I need every line that includes the word "Photo" copied from the material.

▼▼▼

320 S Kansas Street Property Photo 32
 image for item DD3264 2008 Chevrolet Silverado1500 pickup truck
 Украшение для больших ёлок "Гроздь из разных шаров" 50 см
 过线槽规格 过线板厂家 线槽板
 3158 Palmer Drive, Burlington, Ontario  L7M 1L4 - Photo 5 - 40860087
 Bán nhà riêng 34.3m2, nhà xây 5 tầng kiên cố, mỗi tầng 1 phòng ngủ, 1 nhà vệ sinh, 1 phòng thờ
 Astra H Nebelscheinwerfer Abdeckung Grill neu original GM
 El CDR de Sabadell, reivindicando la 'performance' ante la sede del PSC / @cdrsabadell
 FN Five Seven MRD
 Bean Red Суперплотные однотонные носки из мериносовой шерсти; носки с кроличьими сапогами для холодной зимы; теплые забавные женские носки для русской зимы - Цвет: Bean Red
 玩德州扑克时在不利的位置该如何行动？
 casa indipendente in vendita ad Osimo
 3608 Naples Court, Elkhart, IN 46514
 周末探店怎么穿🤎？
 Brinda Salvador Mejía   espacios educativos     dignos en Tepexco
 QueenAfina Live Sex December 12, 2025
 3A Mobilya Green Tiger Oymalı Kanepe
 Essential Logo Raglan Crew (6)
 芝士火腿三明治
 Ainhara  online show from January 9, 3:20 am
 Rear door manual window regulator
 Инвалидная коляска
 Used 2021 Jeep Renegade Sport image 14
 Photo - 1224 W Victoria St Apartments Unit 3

▲▲▲

### Written solution
320 S Kansas Street Property Photo 32
 3158 Palmer Drive, Burlington, Ontario  L7M 1L4 - Photo 5 - 40860087
 Photo - 1224 W Victoria St Apartments Unit 3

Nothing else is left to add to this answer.